Based on a true story, this tale of flamboyant lawyer taking on the mega corporation on behalf of the small businessman is entertaining on many dimentions. Jamie Foxx plays a selfmade courtroom powerhouse who loves to win. But he does it by sliding into the seam in society where there is empathetic recompense waiting for a subpopulation who has been sectioned away from the better parts of life in this country.
Granted his client in this tale is a white small town businessman in his later years of life. But the jury, who ultimately decides the outcomes in trials, has a more cohesive background. You could say Foxx is a type of entrepreneur. He sees in groups. There are the large corporations who ‘got the bank.’ These folks have no issues with taking their wares to the high poverty areas where they depend on a general lack of poor support infrastucture to corner the market. The consumers are not educated in ways to hold a business to its advertizing; they don’t have the means to drive across the county looking for better deals; they are unable or uwilling to follow up on a consumer complaint.
They are the perfect consumer group to mess with, and as the lawsuit shows, they are taken for a ride.
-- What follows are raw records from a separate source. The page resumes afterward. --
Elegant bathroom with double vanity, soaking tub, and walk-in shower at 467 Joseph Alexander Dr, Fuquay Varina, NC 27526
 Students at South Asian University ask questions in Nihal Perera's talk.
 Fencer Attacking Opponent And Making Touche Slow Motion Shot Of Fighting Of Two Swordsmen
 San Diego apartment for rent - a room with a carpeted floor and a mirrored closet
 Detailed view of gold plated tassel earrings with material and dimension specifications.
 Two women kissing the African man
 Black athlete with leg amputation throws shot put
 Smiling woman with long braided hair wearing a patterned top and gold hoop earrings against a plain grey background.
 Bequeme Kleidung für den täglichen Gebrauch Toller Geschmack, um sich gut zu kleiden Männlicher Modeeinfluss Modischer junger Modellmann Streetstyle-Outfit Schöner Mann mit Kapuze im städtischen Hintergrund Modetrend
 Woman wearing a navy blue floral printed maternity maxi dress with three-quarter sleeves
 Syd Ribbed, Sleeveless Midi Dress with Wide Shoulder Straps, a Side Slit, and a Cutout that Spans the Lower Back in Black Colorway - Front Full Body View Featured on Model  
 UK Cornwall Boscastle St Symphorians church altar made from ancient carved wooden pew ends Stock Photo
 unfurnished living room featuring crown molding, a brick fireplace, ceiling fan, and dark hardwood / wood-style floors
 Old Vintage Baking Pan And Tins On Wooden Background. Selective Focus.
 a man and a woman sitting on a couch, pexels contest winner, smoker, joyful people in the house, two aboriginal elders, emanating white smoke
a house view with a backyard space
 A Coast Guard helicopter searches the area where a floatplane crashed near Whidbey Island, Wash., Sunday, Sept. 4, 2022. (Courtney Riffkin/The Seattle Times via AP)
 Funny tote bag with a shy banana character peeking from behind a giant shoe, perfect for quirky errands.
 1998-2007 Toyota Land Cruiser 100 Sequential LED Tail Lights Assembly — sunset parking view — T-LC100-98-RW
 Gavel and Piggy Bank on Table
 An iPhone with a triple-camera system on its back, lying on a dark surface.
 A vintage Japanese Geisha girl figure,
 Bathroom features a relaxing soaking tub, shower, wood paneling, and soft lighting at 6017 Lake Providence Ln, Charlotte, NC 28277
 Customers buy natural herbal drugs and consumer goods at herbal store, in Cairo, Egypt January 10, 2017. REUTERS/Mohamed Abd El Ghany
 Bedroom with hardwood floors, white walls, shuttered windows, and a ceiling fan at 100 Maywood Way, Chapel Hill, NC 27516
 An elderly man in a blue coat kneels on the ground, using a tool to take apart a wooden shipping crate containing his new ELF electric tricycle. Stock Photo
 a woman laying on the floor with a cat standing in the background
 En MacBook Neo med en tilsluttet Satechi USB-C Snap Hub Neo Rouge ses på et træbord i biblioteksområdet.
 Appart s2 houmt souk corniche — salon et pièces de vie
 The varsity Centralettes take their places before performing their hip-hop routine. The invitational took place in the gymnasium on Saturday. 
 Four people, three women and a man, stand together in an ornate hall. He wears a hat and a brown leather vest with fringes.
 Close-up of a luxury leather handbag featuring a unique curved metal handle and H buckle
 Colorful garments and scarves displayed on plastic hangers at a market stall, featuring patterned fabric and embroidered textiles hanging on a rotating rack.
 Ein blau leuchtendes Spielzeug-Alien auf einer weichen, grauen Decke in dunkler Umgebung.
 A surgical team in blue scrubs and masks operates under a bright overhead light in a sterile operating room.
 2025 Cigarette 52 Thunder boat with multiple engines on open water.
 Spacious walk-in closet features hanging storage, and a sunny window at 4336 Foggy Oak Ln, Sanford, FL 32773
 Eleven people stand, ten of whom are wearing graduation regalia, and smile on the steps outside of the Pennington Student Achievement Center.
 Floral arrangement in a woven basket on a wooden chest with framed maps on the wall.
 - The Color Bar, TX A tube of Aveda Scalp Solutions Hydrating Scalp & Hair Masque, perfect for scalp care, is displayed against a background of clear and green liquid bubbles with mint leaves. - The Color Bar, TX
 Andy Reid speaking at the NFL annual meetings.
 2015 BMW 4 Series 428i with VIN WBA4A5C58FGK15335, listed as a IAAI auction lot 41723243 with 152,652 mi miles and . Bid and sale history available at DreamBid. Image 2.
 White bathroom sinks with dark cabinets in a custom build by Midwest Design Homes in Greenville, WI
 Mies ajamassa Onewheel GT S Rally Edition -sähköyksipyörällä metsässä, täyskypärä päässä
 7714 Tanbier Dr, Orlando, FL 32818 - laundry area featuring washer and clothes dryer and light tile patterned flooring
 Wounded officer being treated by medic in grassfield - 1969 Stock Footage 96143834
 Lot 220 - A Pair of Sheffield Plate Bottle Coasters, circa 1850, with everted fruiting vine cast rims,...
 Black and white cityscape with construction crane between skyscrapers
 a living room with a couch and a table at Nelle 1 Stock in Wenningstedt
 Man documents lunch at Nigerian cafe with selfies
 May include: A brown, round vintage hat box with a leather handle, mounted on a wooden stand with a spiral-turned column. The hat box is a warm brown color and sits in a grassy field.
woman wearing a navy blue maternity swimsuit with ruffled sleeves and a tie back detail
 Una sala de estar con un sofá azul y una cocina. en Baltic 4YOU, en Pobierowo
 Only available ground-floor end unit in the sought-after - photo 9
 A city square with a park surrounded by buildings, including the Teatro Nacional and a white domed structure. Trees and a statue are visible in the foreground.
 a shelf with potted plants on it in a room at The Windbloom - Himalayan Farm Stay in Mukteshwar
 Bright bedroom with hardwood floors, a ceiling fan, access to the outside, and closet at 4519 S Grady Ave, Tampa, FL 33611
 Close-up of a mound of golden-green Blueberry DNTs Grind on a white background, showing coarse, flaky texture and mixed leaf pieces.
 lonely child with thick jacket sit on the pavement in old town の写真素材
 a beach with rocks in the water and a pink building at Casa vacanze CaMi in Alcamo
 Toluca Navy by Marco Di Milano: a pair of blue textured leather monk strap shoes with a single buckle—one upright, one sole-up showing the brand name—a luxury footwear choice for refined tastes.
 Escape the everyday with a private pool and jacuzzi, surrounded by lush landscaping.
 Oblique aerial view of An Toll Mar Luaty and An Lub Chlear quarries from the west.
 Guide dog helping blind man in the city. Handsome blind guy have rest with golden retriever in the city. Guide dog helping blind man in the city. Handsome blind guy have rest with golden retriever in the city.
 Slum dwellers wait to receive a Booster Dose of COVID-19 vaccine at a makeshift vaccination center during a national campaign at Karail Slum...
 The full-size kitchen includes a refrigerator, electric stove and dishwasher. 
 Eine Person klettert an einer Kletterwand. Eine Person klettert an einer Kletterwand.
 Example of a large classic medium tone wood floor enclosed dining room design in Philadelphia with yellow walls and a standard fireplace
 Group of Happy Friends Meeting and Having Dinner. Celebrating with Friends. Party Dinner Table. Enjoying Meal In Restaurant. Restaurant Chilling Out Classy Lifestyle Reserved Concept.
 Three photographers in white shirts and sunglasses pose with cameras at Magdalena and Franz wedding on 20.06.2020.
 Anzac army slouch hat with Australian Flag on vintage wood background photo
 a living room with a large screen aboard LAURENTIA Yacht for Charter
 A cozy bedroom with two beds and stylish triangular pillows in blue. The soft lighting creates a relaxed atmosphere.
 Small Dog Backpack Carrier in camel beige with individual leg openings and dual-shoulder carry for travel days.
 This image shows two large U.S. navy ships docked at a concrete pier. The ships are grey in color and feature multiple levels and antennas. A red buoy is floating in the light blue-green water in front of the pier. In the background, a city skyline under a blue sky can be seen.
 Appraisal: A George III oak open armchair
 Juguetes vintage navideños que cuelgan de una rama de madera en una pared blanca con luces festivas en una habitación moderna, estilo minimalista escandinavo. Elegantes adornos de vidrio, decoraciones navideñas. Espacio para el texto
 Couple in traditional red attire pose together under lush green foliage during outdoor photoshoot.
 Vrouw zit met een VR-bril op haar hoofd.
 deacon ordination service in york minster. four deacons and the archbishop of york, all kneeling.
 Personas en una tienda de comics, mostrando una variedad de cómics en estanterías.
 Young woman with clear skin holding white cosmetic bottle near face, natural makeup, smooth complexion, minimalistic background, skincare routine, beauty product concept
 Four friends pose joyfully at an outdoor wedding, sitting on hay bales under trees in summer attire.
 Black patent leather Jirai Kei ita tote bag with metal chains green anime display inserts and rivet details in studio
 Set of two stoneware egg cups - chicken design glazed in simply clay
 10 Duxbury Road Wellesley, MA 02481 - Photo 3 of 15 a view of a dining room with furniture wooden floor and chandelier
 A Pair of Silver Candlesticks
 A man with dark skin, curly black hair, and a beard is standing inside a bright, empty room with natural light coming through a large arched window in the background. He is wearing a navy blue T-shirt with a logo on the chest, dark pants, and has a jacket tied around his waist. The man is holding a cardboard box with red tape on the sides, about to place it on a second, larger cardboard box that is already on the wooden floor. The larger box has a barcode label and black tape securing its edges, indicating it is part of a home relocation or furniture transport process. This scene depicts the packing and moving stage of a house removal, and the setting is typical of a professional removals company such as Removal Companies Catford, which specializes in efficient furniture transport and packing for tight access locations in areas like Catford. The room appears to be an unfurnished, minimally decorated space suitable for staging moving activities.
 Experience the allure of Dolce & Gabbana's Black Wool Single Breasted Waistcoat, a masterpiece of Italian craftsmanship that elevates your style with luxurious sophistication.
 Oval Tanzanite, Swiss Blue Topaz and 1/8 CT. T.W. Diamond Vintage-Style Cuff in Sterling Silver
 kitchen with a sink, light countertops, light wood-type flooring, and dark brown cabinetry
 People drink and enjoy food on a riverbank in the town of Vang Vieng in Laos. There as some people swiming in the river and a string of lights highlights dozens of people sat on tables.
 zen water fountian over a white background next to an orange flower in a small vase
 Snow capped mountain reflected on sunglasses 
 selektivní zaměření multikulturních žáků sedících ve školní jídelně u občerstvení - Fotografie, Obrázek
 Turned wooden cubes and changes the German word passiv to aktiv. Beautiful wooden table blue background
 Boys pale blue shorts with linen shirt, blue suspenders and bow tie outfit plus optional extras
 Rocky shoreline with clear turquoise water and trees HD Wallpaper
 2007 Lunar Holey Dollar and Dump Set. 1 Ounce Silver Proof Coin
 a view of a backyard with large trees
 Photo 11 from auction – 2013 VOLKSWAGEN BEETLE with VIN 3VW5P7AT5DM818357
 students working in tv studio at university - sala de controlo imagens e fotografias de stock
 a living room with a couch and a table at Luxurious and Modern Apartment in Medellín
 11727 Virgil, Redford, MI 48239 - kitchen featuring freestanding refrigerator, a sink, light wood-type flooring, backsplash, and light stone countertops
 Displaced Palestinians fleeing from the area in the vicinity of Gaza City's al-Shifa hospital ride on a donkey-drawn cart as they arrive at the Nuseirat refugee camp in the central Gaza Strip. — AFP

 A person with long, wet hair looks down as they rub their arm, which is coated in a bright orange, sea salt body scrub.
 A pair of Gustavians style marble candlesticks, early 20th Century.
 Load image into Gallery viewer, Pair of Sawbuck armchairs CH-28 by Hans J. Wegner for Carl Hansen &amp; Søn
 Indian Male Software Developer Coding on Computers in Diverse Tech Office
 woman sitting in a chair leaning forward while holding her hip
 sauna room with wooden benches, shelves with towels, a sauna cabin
But is it a misscarriage of justice that the award goes to the one plaintiff? Out of a group wronged, should one individual benefit? No- that is just how it works. It only takes one individual in a group to save a drowning child. Yet that one individual would do it for anyone. When a discovery is made, one individual gets credit eventhough many were working toward the same goal. But eveyone benefits from the invention. And everyone in the disadvataged community benefits when huge claims are made against corporations for predatory activities. It’s the voice of it that matters.
I must say, though, that my favorite scene in the courtroom where Jurnee Smollett cries out: “The hypocrasy! The hypocracy!” This seems to be the director Maggie Betts talking directly to the audience.